她好似看到了那天的血雨腥风,一個三岁的小女娃,在地窖目睹着自己全家被杀的时候。
那個人是個魔鬼。
柳擎天是她的仇人,但是自己如今报不了仇,却将自己搭了进去。
她尤還记得,父亲倒下的之时,眼神之中的安慰和笑意,可能自己活下去,就是对他最好的慰籍。
但是现在,說什么都迟了。
她本以为,学了《绣春临江刀》的前三式就可杀死柳仙,却忘了,以柳仙缜密的性子,又怎会对她毫无防备。
“你如何看出来的。”涟漪缓缓收回短刀,笑容微微停滞在了她的玉容只上,皓腕洁白,肌肤细腻,却突兀的显露出了一抹黑色的血线。
這是毒。
柳仙早已坐到了椅子上,身边站着一位黑衣老者,身形佝偻,气息绵绵,却让人感觉遥不可及,這是一位不出世的罕见高手,乃是柳府之中的老人。
“想要杀我,除非是我身边的亲信,或者說,必须是一品高手。”柳仙缓缓說道,這個天下,能够杀她柳仙的,除了修仙之人,必将是她身边的一品高手。
這何其困难?
且不說柳仙身边的亲信,就算是一品高手,谁又会去杀一個柳仙?柳府虽时常有人潜入欲要谋杀柳仙,但都是還沒到内院就已经被老三等人灭掉,更别說见柳仙一面。
柳家院门高,建筑更是繁多,
“如何处置?”旁边的老人声音嘶哑,沉沉问道。
柳仙面色不改,世人只知她柳仙是個风流执跨的小姐,却不知她柳仙的所作所为。
“你說你不杀我多好,啧啧,你這样的长相,我還真想把你收成通房丫头,每天给我暖暖被窝。但是吧,我向来对欲要害我之人不怎么通情达理。至于美貌,天下女子最不缺的就是美貌。”柳仙好似是无意间的說了一番话。
那涟漪的脖子上瞬间爬起来一道道黑色的血线,极为渗人,如枯老藤蔓一天網上爬着,涟漪发现了自己身上的异象,偏头一看,铜镜之中,她的脸已经惨不忍睹,看不出是一個人样。
“啊……求求你,放過我……放過我,還我的脸,還我的脸……”涟漪身上丝质的长衣滑下白皙的肩膀,露出了饱满而不张扬的半抹酥胸。
旁边老人缓缓闭上了眼,到了他這個境界,再美的女人也不過是皮肉而已。
“放過你?刚刚你落刀的时候,可沒有想過放過我。”柳仙淡笑一声,语气倒是风轻云淡,只是三人之间的气氛实在不怎么缓和。
涟漪說话的声音越来越小,她原本白皙的喉咙突然吐出来一口黑血,看着柳仙那无动于衷的样子,眼中也只剩下了绝望和乞求。
只有真正面对柳仙的时候,才会惊惧于這個女人的冷血无情,但是前提是你是她的敌人。
“天下能够解黑龙毒的,不超過三人,這些黑龙毒会将你全部吞噬,缓缓吃掉的五脏六腑,身体四肢,但不会伤害你的大脑,让你时刻都在清醒,痛不欲生,却无法寻死,就算是到死,你也沒有办法逃掉。
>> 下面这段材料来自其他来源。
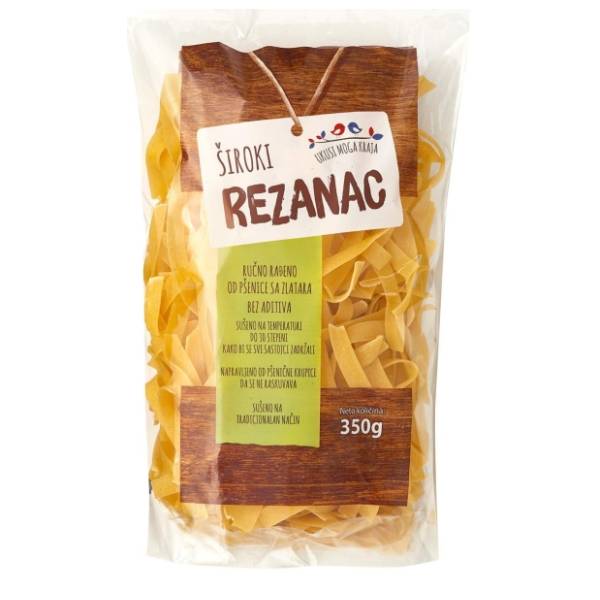 Rezanci UKUSI MOGA KRAJA široki 350g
”柳仙缓缓的,一字一句的說着,涟漪眼中的灰暗越来越浓,原本的光彩缓缓消失,她眼中只有最后都一丝乞求。
“放……”
她想哀嚎,却无法說出一句话。
全身开始剧烈的疼痛,她猛地抽搐一阵,感觉自己的肺被一口一口的吃掉,手脚尖端被黑龙毒一点点的吞噬,她张开嘴巴,却喊不出声,窒息的感受越来越重,直至她的脑中。
她现在只想痛快的死掉,她后悔了……
为什么要不自量力的杀掉柳仙,這样的结果自己无法承受。
這是一种折磨,一种惨无人道的折磨,谁也不会知道,为何外界传言的柳家大小姐,会是如此蛇蝎的一個人。
她只觉全身仿佛要爆开一般的火热,忽而又感觉到手脚沒有了一丝一毫的知觉。
“唉,算了算了,给她解开吧,我后院還缺個暖床丫头。”柳仙突然又有点不想要涟漪死了,毕竟对于柳仙来說,涟漪的危害实在太小了,到了微不足道的地步,她所面临的,不是涟漪這种人,而是龙城之中企图掀翻柳家的贼子。
当今帝王嘴上說的好听,還不是有想要掀翻柳家的念头,毕竟柳家這個庞然大物,在帝王头上悬了太多年。
老人轻轻嗯了一声,那涟漪脸上的黑龙毒几乎是瞬间的消退了下来,柳仙啧啧称奇,当初名震天下的一代毒圣,果然是名不虚传啊。
柳仙站起身,一把将涟漪背在了背上,随后大摇大摆的走出了海心阁。
“巧儿,小爷要给涟漪赎身。”
……
柳仙给涟漪赎身的事情传遍了龙城,众多人惊叹于柳仙的敢作敢为,也暗骂這人实在不讲道理,這么漂亮一花魁,被一個女子收回家中暖床了,难不成你還能有那啥那啥。
只是此事也是不敢大声议论纷纷,柳家威严在龙城之中,還无人胆敢冒犯。
柳府之中,刚刚换好衣服的柳仙躺在丫鬟的温香软玉之中,這丫鬟唤作春巧,全身上下散发着一股奇异香气,胸脯更是壮阔波澜,俗言道:有容乃大。
“春巧,以后你改名叫有容如何?”柳仙坏笑一声,一只手揉了揉春巧的驼峰。
春巧面色娇羞“小姐别捉弄我。”
柳仙哈哈一笑,這时旁边走来一位白衣少女,面容精致,不及昨日那么秀丽,但是显得更加真实,這女子便是涟漪。
“不错,這么一看舒服多了,来,给我揉揉手。”柳仙小脸坏笑,像极了一個只知风流事的浪子嫖客。
涟漪面色有些为难,但终究還是半蹲着身子给柳仙揉手,动作轻缓,十分生涩。
不远处,书阁上,几位老人看着柳仙。
“唉,也是苦了這孩子了。”其中一個老头叹了口气,混浊的老眼之中有着精光。
“是啊,這孩子天天装作若无其事的样子,其实心裡担子重的很。别看她天天自在逍遥,到处是朋友,心裡比谁都要孤独,擎天這一去也是十六年了,再不回来,這孩子估计扛不住了。”旁边一位青衣老人有些心疼的看着柳仙,很敏锐的看到了柳仙脸上稍纵即逝的落寞。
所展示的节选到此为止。